One of the most important influences on J.R.R. Tolkien’s formation as a Catholic was the Oratorian spirituality of St. Philip Neri. Founded in the sixteenth century, the Oratorians follow the rule and imitate the life of St. Philip, living as a community not bound by religious vows but serving the surrounding population (most often in urban areas) and one another through “the threefold ministry given to the Apostles: prayer in common, the administration of the sacraments, and the daily Word of God. The virtues especially cultivated by Oratorians are charity, submission of the individual’s will to the collective mind of the community, and loving to be unknown.”[1] Like St. Philip, called “the third apostle of Rome” after Sts. Peter and Paul due to his service to the poor of the city and “because he did so much to restore the reputation of Rome during a period in which it had become decadent and morally corrupt”,[2] the Oratorians operate schools, visit the sick, accommodate visitors and maintain a liturgical tradition which emphasizes beauty and obedience, thus drawing many closer to Christ.

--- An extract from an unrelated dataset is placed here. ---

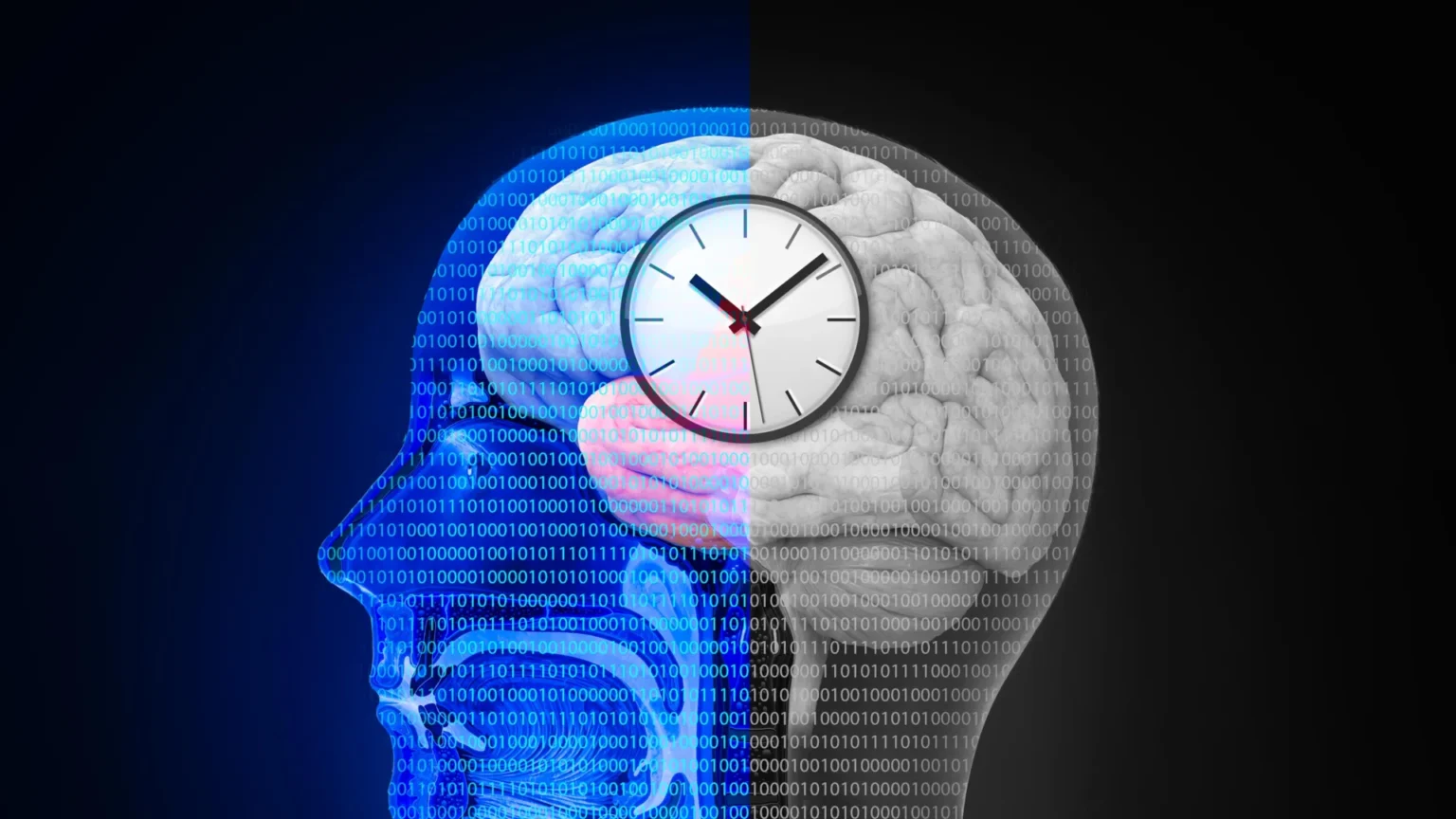 Intermittent fasting causes surprising changes in the brain Intermittent fasting causes surprising changes in the brain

Tolkien’s first contact with the Oratory came through his mother Mabel who, after taking her two sons to a series of ugly and crowded churches pastored by busy and elderly priests, decided to settle near the Birmingham Oratory, established by St. John Henry Newman as the first Oratory in Britain. There, the Tolkiens discovered a thriving house of younger priests who were passionate and well-educated.[3] With the help of one of the Oratorians, the Spanish-Welsh Fr. Francis Xavier Morgan, Mabel was able to secure Tolkien a place first in the Oratory’s cheaper St. Philip’s Grammar School, then, with the aid of her private tutoring, he was awarded a Foundation Scholarship and enrolled at King Edward’s School in Birmingham.[4]

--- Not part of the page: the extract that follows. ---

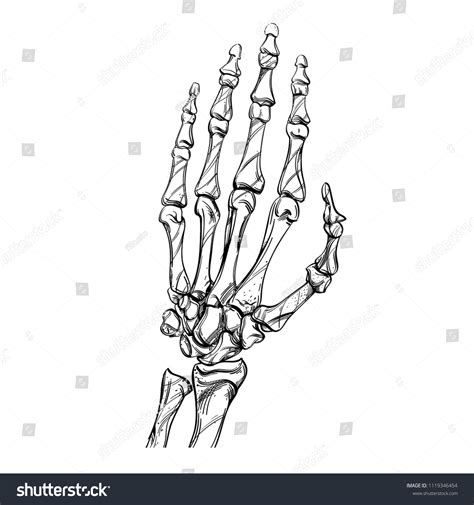 Skeleton Sketch Bones Hand Drawing Style 库存矢量图（免版税）1119346454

Following Mabel’s untimely death from diabetes, Fr. Morgan became the legal guardian of the Tolkien boys, raising them in what Tolkien described as “a ‘good Catholic home’ – ‘in excelsis’”, where he became “virtually a junior inmate of the Oratory house, which contained many learned fathers (largely ‘converts’).”[5] Fr. Morgan took the boys on vacations to Lyme Regis[6] while also allowing them to spend time with their relations, despite the anti-Catholic prejudices they held and from which he shielded them.[7] In this way, Fr. Francis became the one from whom, as Tolkien described, he “first learned charity and forgiveness” and corrected the prejudice of contemporary English society against Catholics, including its view of Marian devotion “as an object of wicked worship by the Romanists.”[8]

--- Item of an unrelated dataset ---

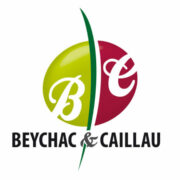 Logo COMMUNE DE BEYCHAC ET CAILLAU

The marks of Oratorian spirituality proved to be formative throughout Tolkien’s life, and in honor of them, he chose St. Philip Neri as his patron saint. This is confirmed by three interesting facts: the direct confirmation of his daughter Priscilla to Tolkien scholar Dr. Holly Ordway; the writing of his name in Elvish script as “John Ronald Philip Ruel Tolkien”; and the familiar monogram used by Tolkien which includes “the otherwise apparently extraneous spur on the right-hand side of the T upright” indicating the addition of a P to his JRRT initials.[9]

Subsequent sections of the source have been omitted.